December 05, 2002

Extending the Java language: hygienic macros

Java
The Missing Sock - San Francisco. Carlos Perez - ::Manageability:: writes: The same thing was alluded too by Guy Steele in his paper, he suggested that the Java compiler be open sourced. Nevertheless, it didn't happen, however all is not lost. There's another Java compiler out there that's open source and extremely robust, its the Jikes parser from IBM. However, if you don't like hacking in C, you can also use the compiler that comes in Eclipse, it uses the same Jikes Parser Generator that Jikes uses, but its better its all written in Java! Furthermore, it has the cross JVM capability you are looking for, just look at the preferences in Eclipse.

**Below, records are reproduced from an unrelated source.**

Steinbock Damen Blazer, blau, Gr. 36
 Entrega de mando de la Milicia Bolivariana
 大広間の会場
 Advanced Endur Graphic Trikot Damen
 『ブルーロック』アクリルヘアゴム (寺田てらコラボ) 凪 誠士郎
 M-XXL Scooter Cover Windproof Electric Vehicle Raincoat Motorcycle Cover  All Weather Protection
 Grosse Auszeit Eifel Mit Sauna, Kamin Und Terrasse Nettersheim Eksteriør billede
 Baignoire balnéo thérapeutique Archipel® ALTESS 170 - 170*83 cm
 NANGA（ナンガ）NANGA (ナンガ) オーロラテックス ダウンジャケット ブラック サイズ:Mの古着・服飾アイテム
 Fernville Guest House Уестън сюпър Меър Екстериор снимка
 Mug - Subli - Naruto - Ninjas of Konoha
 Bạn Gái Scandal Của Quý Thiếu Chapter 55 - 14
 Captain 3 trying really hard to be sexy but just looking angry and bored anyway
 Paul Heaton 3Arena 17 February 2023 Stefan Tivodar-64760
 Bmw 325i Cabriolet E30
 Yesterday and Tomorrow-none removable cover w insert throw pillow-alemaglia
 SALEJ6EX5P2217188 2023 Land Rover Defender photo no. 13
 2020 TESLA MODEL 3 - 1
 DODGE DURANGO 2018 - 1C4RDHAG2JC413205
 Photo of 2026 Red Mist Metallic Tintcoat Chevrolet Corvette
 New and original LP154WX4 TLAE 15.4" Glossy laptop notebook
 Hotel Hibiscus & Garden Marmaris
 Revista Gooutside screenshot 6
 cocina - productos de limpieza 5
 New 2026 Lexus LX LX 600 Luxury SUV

Also, the generics stuff is already in there, it was turned off when Sun decided to remove it from JDK 1.4. I also wrote earlier that the AspectJ compiler extends from the Eclipse compiler. Now, all you need now is a Hygenic Macro facility and you can make up any language construct you like!

The idea of hygienic macros like in Scheme for language with "non-regular", Lisp-like syntax is something which had me thinking for a long time. The challenge is how to provide not only semantics to new language constructs through macros, but also syntactic extensions to the language. Macros are possible in Scheme because of its uniform syntax, the new language constructs introduced by macros are just conventions translated to lower level constructs using the same regular syntax.

In Scheme you don't need any special support in the parser, macros are built entirely within the language. This is possible because of the simple syntax (or lack of it I should say ;) In Java this is not possible, you need compiler support for this to happen.

One idea would be to implement the parser for the Java language in an extensible way, which could allow new syntax extensions to be added at runtime. The only thing we would need to add new to the language is the ability to define "hygienic macros", e.g. ways to extend the syntax of the language understood by the compiler. The compiler's parser would need to be able to read these macros and record their definitions. In the process of doing this it has a chance to verify the new syntax described in the macro is still a valid grammar. During the syntax tree construction, it could invoke the defined macros to do tree transformation, which would transform the extended language into a pure Java syntax tree.

These Java macros would do nothing else than manipulate the syntax tree produced by the parser. Now while this would not be as powerful as Scheme's hygienic macros, it would still be a good alternative for all these language extensions. We won't need JSRs to extend the language in different ways, the only needed is a JSR to define the Java hygienic macro.

I wouldn't expect all the developers to start extending the Java syntax in their own way. Only experienced developers will do it. We could quickly have a library of such useful extensions which become used a lot.